CALLE LITERATURA | Azul Molina Romero

Por Carolina Elwart

 

Azul es de esas personas que habla poco pero escribe mucho. Su escritura pareciera venida de siglos pasados. Tiene una gran capacidad de aterrar con sus cuentos y eso le gusta. Nos cuenta que le gusta escribir porque «me resulta interesante ver las diferentes reacciones en las personas. Sé lo que puede provocar un libro o un cuento y el saber que yo puedo incitar a los demás en algo similar me resulta muy atrayente».

La literatura ha estado presente siempre en su vida. De pequeña su mamá le leía cuentos. «Recuerdo ‘Barba azul’, que me llamó la atención. Un cuento clásico de la infancia que nos cuenta cómo un hombre de muy buena posición oculta en un cuarto bajo llave los cadáveres de sus esposas pasadas». Ya cuando comenzó a leer sola, llegó hasta el maestro Edgar Alllan Poe y «me encerré en una mansión del terror». Ambientes góticos, atmósferas recargadas de elementos terroríficos, Azul logra con sus cuentos que la piel se nos erice y el silencio sea ensordecedor.

 

azul

 

Luna

Estaba perdido en la oscuridad que carcomía su hogar. Ahora más que nunca la luz de la luna perdía sentido. La única existente era la de las estrellas. No había luna. Él la asesino. Tiene su cadáver oculto en las paredes de aquella morada antigua, desfigurada y con polvo en las ventanas, cubriendo los espectros de sus actos. Fantasmas que le murmuran de noche y lo juzgan desde su ausencia; que le arrancan el alma de a fragmentos dejándolo excéntrico y desdichado. Como el presuntuoso suceso depravadamente nítido.

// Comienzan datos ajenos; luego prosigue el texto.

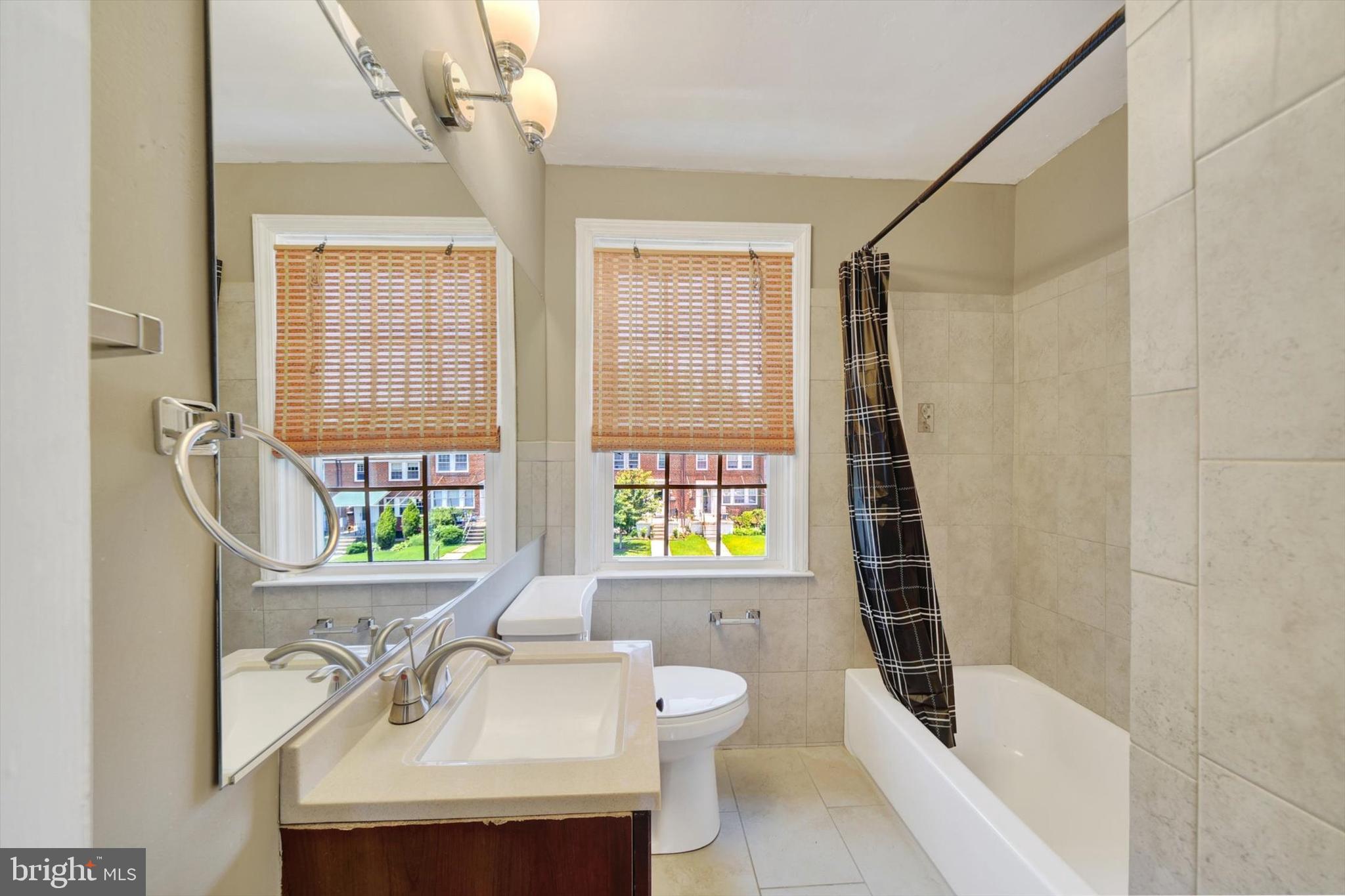 316 Lambeth Road Baltimore, MD 21228 - Photo 19 of 28 a bathroom with a sink a mirror a window and a shower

Él la extraña, es el único para hacerlo. Se aseguró de ello. Extraña sus gemidos en las gélidas caricias de medianoche. Sus lágrimas bautizando la almohada transformada al alba como un rito lóbrego. Sus largas hebras que le prestaban facilidad al trabajo de apresarla cuando su mente la convencía de poder disgregar. Su inmaculado lienzo en donde podía contemplar sus hazañas como cónyuge. El tapiz de sus hierros.

Sí, la extrañaba y eso fue lo único molesto de asesinarla. O eso pensó en un principio. Su cuerpo no lo encontraría en otra. Había escudriñado y las descartaba sin ni siquiera probarlas. Mas de su muerte en sí no sentía peso alguno en su razón. Hasta que las sombras lo engulleron, del mismo modo que él a ella. Mutilaron su mente con las sobras del gran espejo nocturno, desistiendo para que se desangrara mientras echaban un vistazo divertido y las estrellas se carcajeaban.

Aquel hombre sentía el aliento de la Muerte en su cuello y sus dedos acariciándole el pecho. Lo sedujo con halagos de sosiego y un lecho de purpúrea paz. Fue hurtando sus ropas y se las arrojó a la Vida como harapos de hace siglos. Él la besó con ilusorio entusiasmo mientras lágrimas abrazaron la almohada y apretó su fina silueta.

La bala le perforó el cráneo y la cama se bañó de sangre.

Los fantasmas se deleitaron al ver un torrente tan exquisito como aquel. Saboreándose los belfos ajados con el desperdicio que formaba ciénagas putrefactas. No se armaron de paciencia para devorar sus recuerdos oscuros y retorcidos, enjuagándose las comisuras con las ridículas sonrisas pertenecientes al sacrificado.

La muerte se engalanó y abandonó la casa de aquellas víctimas enfrentadas. Una agonizó con su cuerpo lacerado, no obstante, se aferró a la ilusión. Mas el otro, con su cuerpo perfilado, pereció con aves de carroña en la mente.

Y desde el pórtico la Muerte echó un vistazo al cielo ladina, esas dos almas fueron suyas.